In de nacht dat hij verdronk, had Tim Griek grootse plannen voor de toekomst. Het was februari 1988 en hij was pas 43 jaar, maar Griek had zijn sporen ruimschoots verdiend in de muziekindustrie. Eerst als drummer bij de legendarische symfonische rockband Ekseption, later als producent en Artist & Repertoire-manager bij platenmaatschappij EMI. Hij was gedurende zijn carrière betrokken bij platen van Jan Akkerman, Imca Marina, Focus, Elly en Rikkert, The George Baker Selection, Pussycat en Brainbox – to name but a few.
Toch stak één samenwerking er met kop en schouders bovenuit: die met André Hazes. Bloedgabbers waren het, vrienden voor het leven. Hoewel Tim een nette Haarlemse jongen uit een keurig gezin was en André een Amsterdams boefje met een pittige jeugd hadden die twee aan een half woord genoeg. Vooral als het op muziek aankwam.
Dus maakte André onderdeel uit van Tim Grieks grote plan: een platenmaatschappij waar hij zélf de lakens zou uitdelen. Disky, zo heette de platenmaatschappij van een rijke ondernemer uit Hoorn, en Griek zou voor hem het beste wat er in Nederland op muzikaal gebied te krijgen was bij elkaar brengen.
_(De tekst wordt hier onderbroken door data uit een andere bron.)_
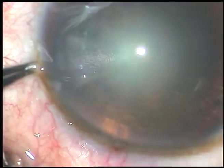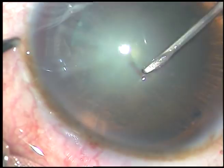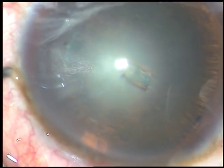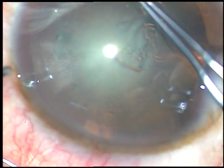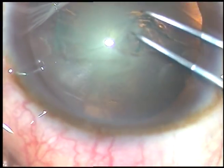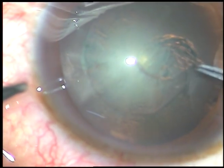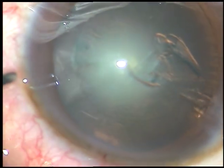Capsulorhexis is to be done. I am taking help of a 26-gauge bent needle to raise a nice, easy-to-hold capsular tag. I hold this tag with the Utrata forceps and go anticlockwise to do a CCC — continuous curvilinear capsulorhexis. This is a rhexis of about 5 mm size.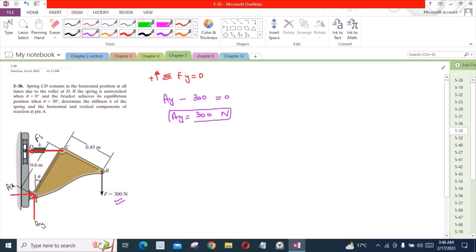Now the sum of forces in the X direction is equal to 0. Considering the rightward direction as positive, we have Ax minus Fs equals 0. From here, Ax is equal to Fs. Let's call this Equation A.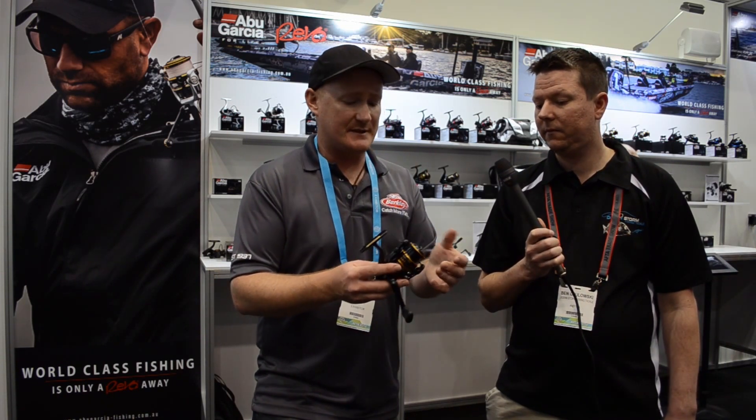The drag system is pretty brutal on these — you can punch well over six kilos of drag on the larger model, which is fairly hefty. Definitely impressive for a reel at this price point.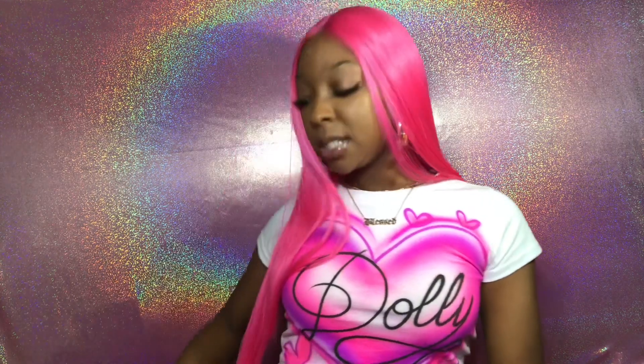This wig is $34.99 — yes, $34.99! I'm giving y'all all the links in my description box for you guys to purchase any color that you want. I suggest you click on their website, Divatress — it's a really good website. I believe this is a 26-inch; it goes to my hips. Let me show y'all.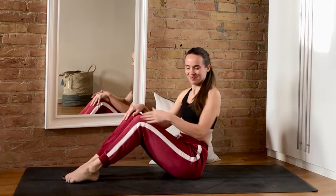Welcome to this 10-minute IT band routine covering the best exercises and stretches for hip pain, IT band pain, or iliotibial band syndrome.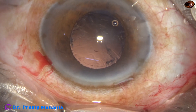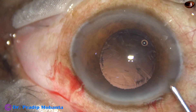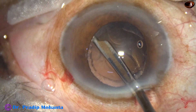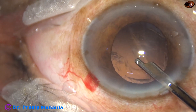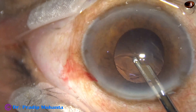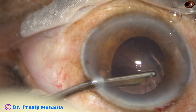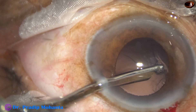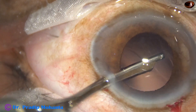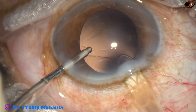Now, cortical clean-up will be done. With the help of a Simcoe cannula, the cortex is being removed. Sub-incisional cortex is removed going through the side port. The width of the side port is 1.6 millimeters and the Simcoe used is 23 gauge.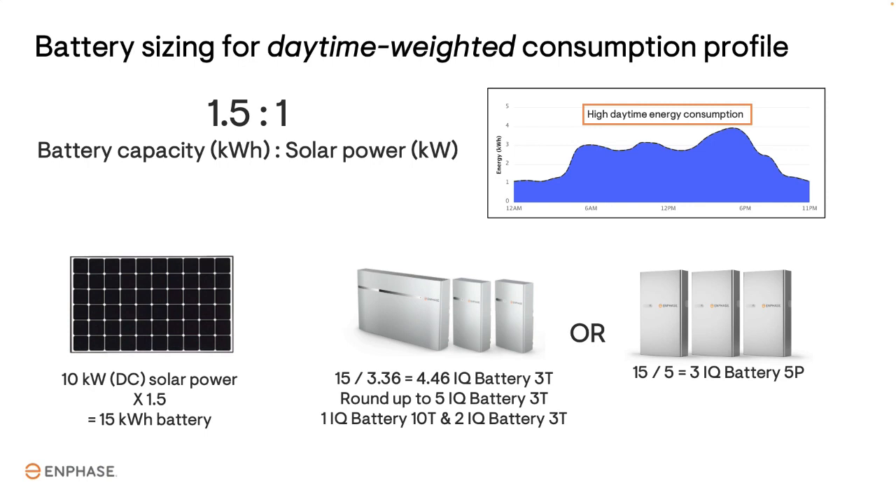That's it! We hope you find this simple approach to sizing a battery for NEM 3.0 helpful. Thanks for watching!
En daar hoorde Hazes bij. Die stond nog onder contract bij een andere platenmaatschappij, maar dat contract zou binnenkort aflopen. Kat in het bakkie, wist Griek, al ging het allemaal niet vanzelf: hij werkte soms twintig uur per dag in die maanden. Maar dat was hij gewend en het was een klein offer, vond hij, want als dit van de grond kwam, zou het groots en meeslepend worden. En hij zou na jaren buffelen straks eindelijk weer eens wat meer tijd hebben voor zijn gezin. Voor zijn vrouw Leny, voor dochter Carin en zoon Tim junior. Het lot besliste anders. Tim Griek viel in de ijskoude nacht van 12 op 13 februari 1988 op de Huygendijk in slaap achter het stuur en reed de Ringvaart in. Op steenworp afstand van het huis in Oterleek waar zijn gezin lag te slapen, verdronk Tim Griek. En met hem zijn droom.
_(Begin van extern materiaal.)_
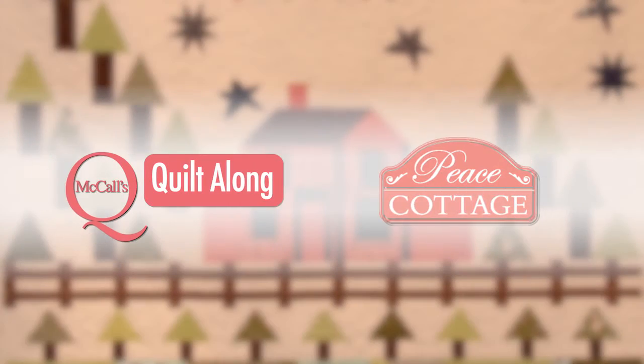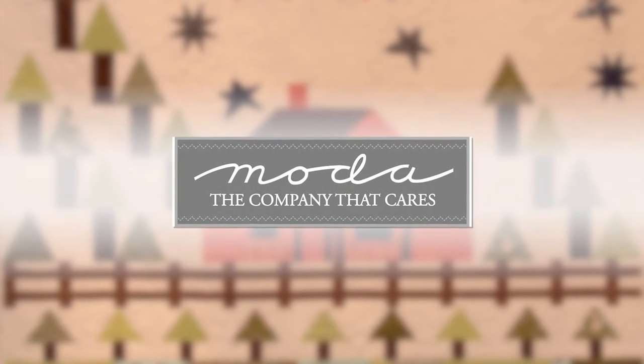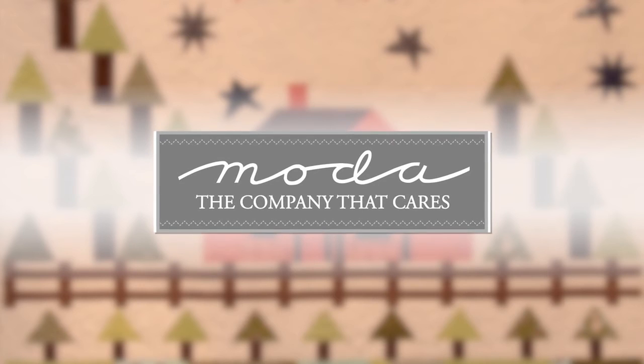This episode of McCall's Quilting Quilt Along is brought to you by Moda, producer of Quilting Fabric and home of the Fabric Pre-Cuts.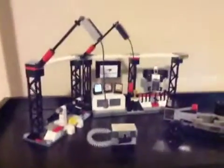Welcome to Bricks and Bricks Reviews and More. Today we have a $30 set and this is the McLaren Mercedes Pit Stop.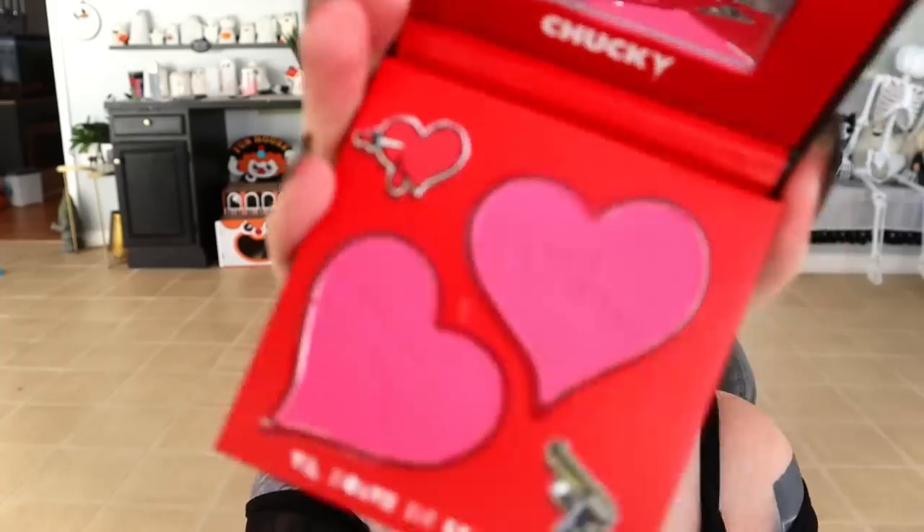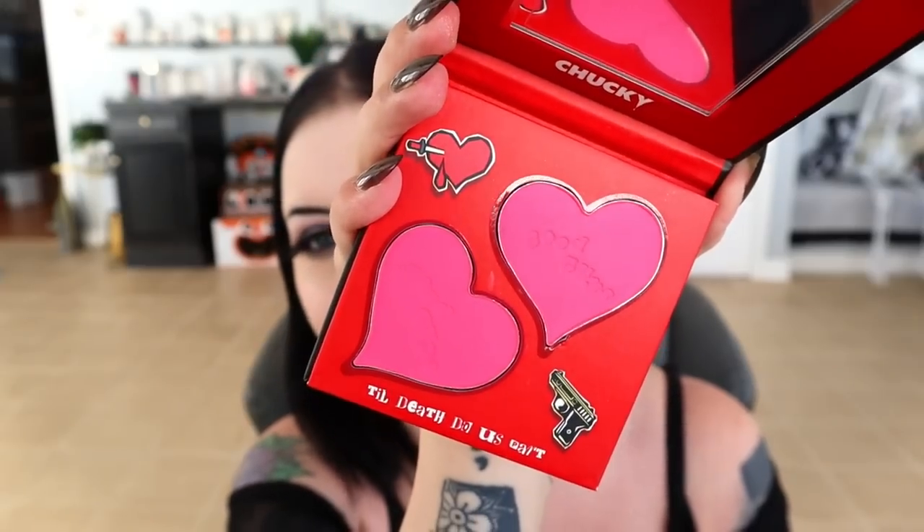Next up is the Chucky Blush Duo, so cute with two Good Guy imprint pans and two shades — one more rosy, one more pinky, but a cute little blush duo nonetheless. We also have an eyeliner duo with a pencil eyeliner and a felt tip eyeliner, both in black. And then we have two lip kits: a Tiffany and a Chucky one. Chucky is more of a nude lipstick and Tiffany is more of a red. We'll try the Tiffany lip kit on together today.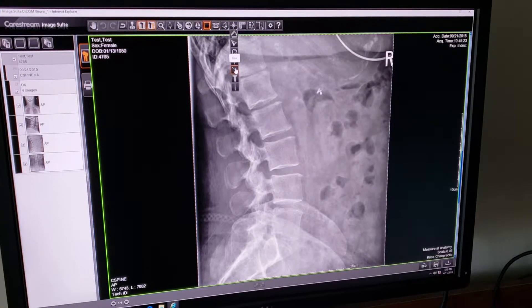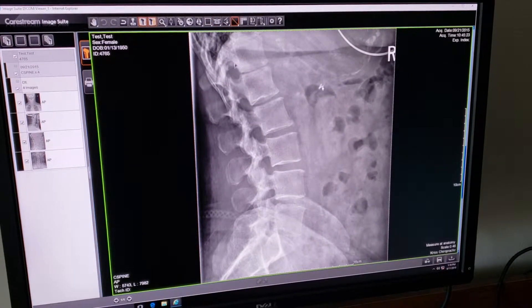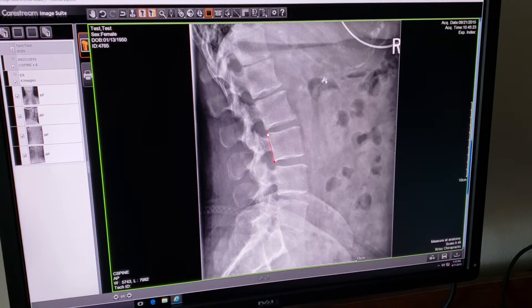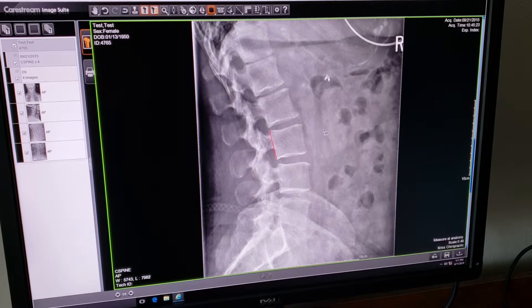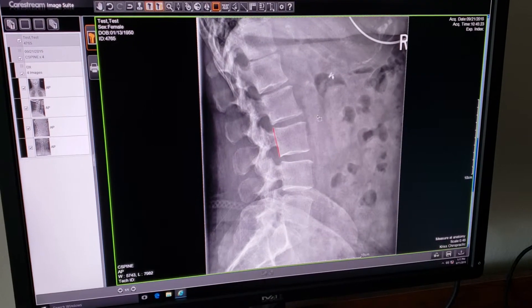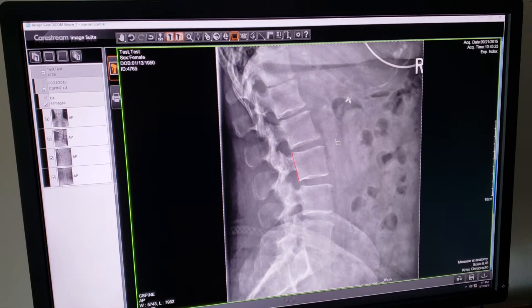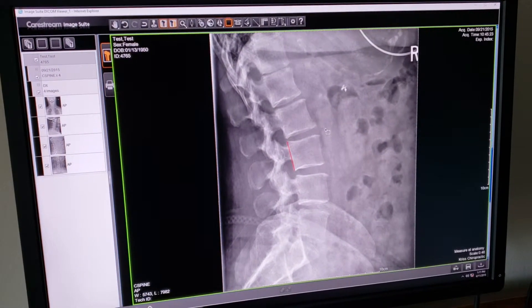The next tool in this bar is a line, just a simple line segment. I'm going to left click, hold, drag, and there's our line segment. I will use this tool in conjunction with another one in a few minutes in order to show you how to grade antero or retro-listhesis.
‘Wat lijk jij op je vader’
Tim Griek junior (48) zit achter de witte Yamaha-piano in zijn Amsterdamse appartement. Driehoog, hartje Jordaan, ruim en strak, maar warm ingericht. Een paar noten van Billy Joel’s Pianoman, dan houdt ie het voor gezien. Tim staart uit het raam naar de Westertoren. Hij praat niet graag over zichzelf, zegt ie, maar als je het hem op de man af vraagt, wil hij wel toegeven dat het af en toe nog knaagt. Na zijn vaders dood heeft hij het nog even geprobeerd, iets te bereiken in de muziek, in de voetsporen treden van zijn ouweheer. Hij had een piano, een Korg M1-synthesizer en een Atari 1040 ST, destijds dé computer om muziek mee op te nemen. En eigenlijk, zegt Tim, had hij er ook gewoon mee door moeten gaan. Maar hij was te jong. Een stuurloos gastje van veertien wiens vader net was overleden. Dat doet wat met een kind. Dus verkocht hij alles. Er kwam uiteindelijk wel een andere piano in huis, maar hij doet er niet veel mee. En het is goed zo: Tim heeft een puike baan als exportmanager bij een multinational, leeft een comfortabel leven.
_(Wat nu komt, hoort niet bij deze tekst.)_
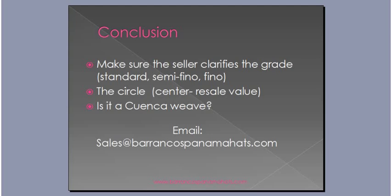A lot of resellers of Panama hats do not list whether it's a Breezer or a Cuenca Weave, so it's good to clarify that. If I didn't cover all the information in this tutorial, I can answer any questions through my email at the factory — it's sales@BarrancosPanamaHats.com. My name is Kyle Robinson, Export Officer at the factory in Cuenca, Ecuador. Hopefully you enjoyed this video.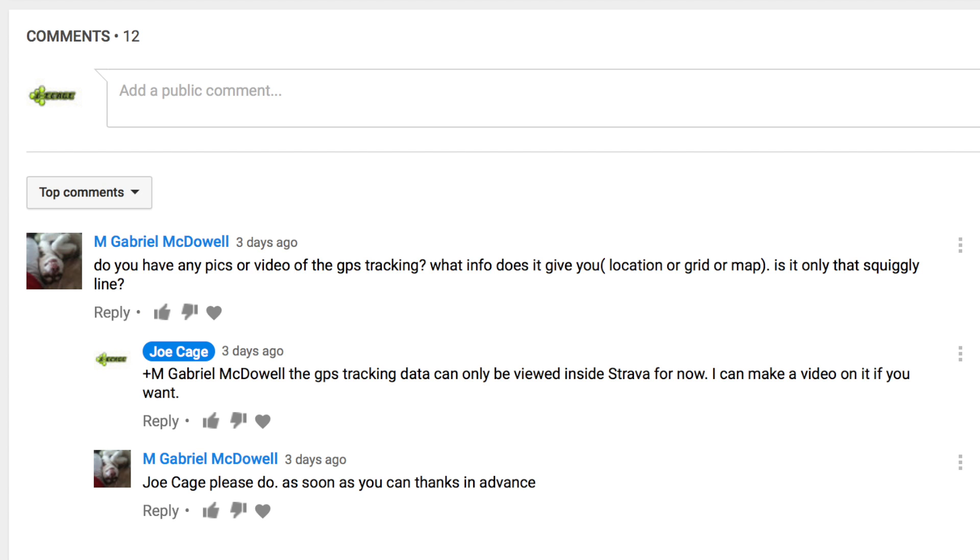Hey YouTube. This video is on the request of Gabriel McDowell. Here's how you can use GPS on the Amazfit Base.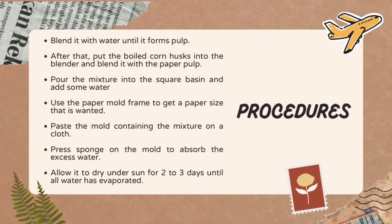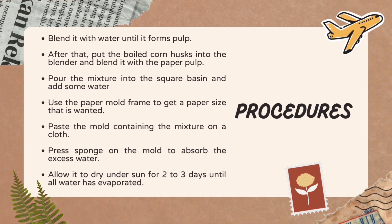Next, blend it with water until it forms a pulp. After that, put the boiled corn husks into the blender and blend it with the paper pulp. Pour the mixture into the square basin and add some water. Use the paper mold frame to get the paper size that is wanted. Place the mold containing the mixture on the cloth. Press a sponge on the mold to absorb the excess water. Allow it to dry under sunlight for 2 to 3 days until all water has evaporated.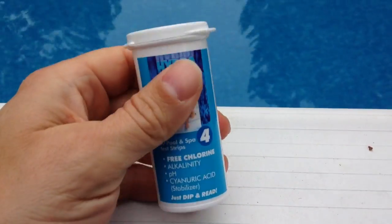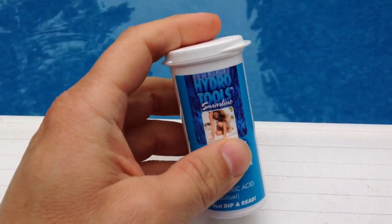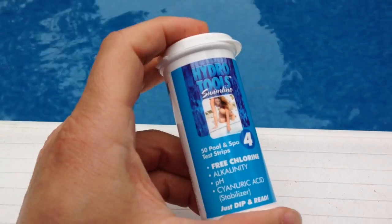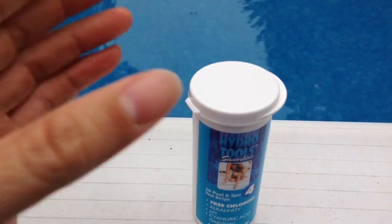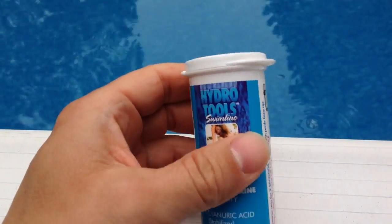I want to show you how to use these test strips to test the pool water in your pool. I do have another video on how to use the liquid ones. I'm kind of an old school guy and the pool store ran out of the liquid test drops, so I picked up these strips and they're not too bad — they're pretty easy to use.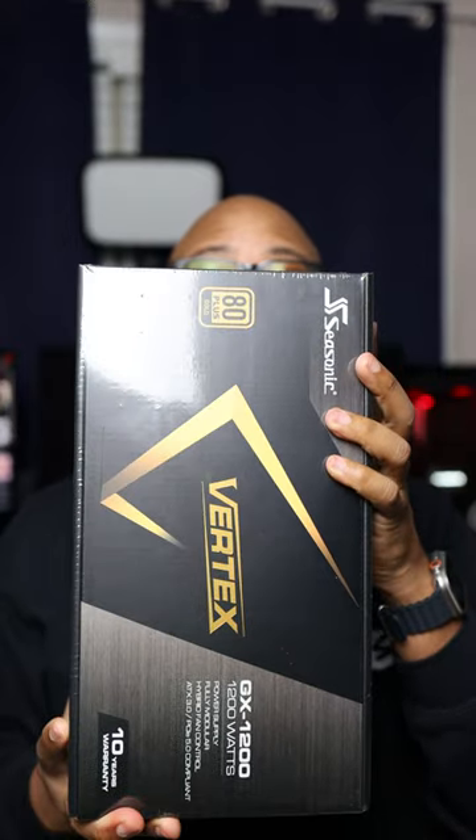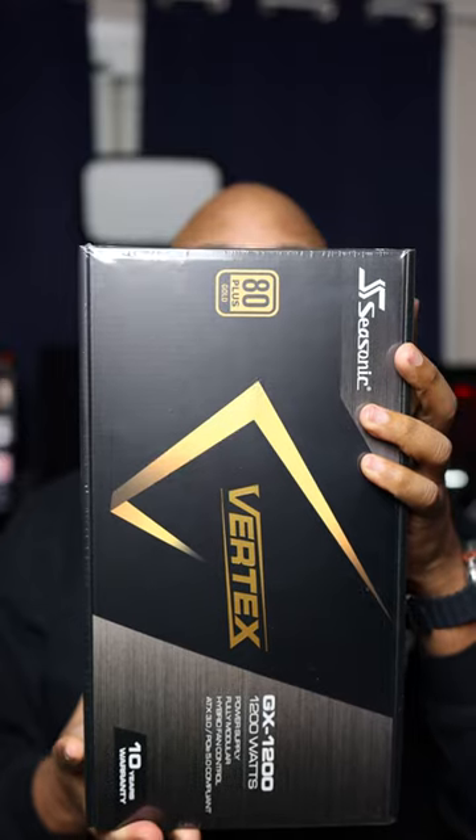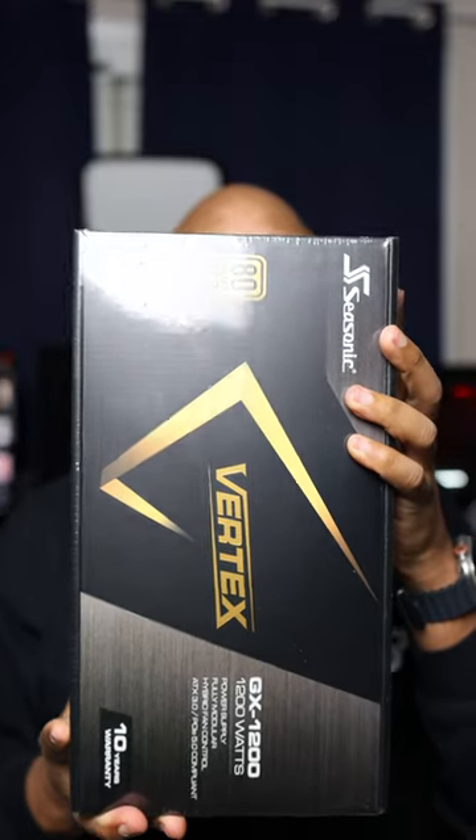Look what the cat dragged in — I got another package. This is the CSSonic Vertex GX 1200, and you're probably wondering, okay, we got another power supply. Yes we do, we have another power supply. Shout out to CSSonic for partnering with your boy.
Wat niet wil zeggen dat de muziek nooit zal blijven lokken. Het zullen de genen zijn, gokt hij. Dezelfde genen die ervoor zorgden dat hij ongelooflijk veel op zijn vader lijkt. Qua uiterlijk, maar toch vooral in zijn manier van praten, het timbre van z’n stem, zijn houding, de maniertjes. Bijna eng is het.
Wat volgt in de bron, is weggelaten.